One of the reasons I was excited to visit Brookgreen this year was the selection of Louise Peterson as one of their sculptors in residence for 2009. I was quite disappointed this past spring when I couldn’t make her seminar “Modeling the Dog” work with my schedule. But I suspected that with her there, the park would probably bring out most of its canine collection, and there were pieces that had not been on display in years past that I hoped to see.

(Although the park displays hundreds of pieces at any given time, with a collection of 1,200 there are always pieces that are either on loan to other institutions or are in storage.)


“Bella and the Bug” by Louise Peterson. Peterson has a special interest in Danes, and having owned a part-Dane I have always admired her ability to capture their typical postures.


I loved how she sculpted the curve of the dog’s back and shift of the shoulders. As someone who works with horse anatomy, the flexibility dogs have in this regard is always intriguing to me.
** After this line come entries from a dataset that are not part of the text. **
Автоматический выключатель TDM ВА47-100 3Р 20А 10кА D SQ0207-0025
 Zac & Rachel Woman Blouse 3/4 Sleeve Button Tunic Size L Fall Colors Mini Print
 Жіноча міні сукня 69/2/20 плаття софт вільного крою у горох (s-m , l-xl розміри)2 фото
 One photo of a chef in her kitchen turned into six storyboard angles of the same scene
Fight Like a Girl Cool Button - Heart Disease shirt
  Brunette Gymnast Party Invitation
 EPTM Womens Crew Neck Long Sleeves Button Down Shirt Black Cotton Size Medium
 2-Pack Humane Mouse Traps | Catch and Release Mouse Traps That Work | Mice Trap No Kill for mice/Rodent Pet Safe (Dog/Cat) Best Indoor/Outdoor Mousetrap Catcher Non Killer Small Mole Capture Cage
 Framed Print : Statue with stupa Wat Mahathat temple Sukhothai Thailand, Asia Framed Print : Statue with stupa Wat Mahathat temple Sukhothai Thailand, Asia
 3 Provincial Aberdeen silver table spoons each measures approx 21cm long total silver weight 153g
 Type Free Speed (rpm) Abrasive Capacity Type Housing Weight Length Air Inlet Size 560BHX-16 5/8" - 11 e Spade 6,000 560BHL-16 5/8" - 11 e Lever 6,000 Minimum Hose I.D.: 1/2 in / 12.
I wasn’t disappointed. In fact, one of the first pieces we encountered was Anna Hyatt Huntington’s “Deerhounds Playing”. I had long wanted to see it in person, after having read about it in an article about the Huntington’s Deerhound breeding program. (The Huntingtons founded the first Deerhound kennel in the United States.)

If this particular piece had been on display in the Garden before, I had managed to miss it. The park is really big and things do move around, so that’s always possible!

The dynamic poses on the two dogs made it really hard to photograph them. I wish now I had taken more shots of the fur. I had read that Huntington’s treatment of the fur was a bit different on this piece than on many of her others. Hair is something I struggle with myself, so how other artists approach this is very interesting to me. I wish I had thought to take more close-up comparison shots. (I think this will be my excuse to go back again soon…)

I did get a lot of details detail pictures of “Adonis” by Eli Harvey. The piece is simply masterful. (There is a shot from the front angle in the trip report on Sarah’s blog, too.)

What I find interesting is that this sculpture is supposed to portray a young (8 month old) Greyhound. It was sculpted in 1905, so perhaps erect ears like those on the sculpture were more common in the breed then. The ears and his build give him the look of an Ibizian Hound or Pharoah Hound – at least to me – but those breeds weren’t introduced in this country until long after the sculptor’s death.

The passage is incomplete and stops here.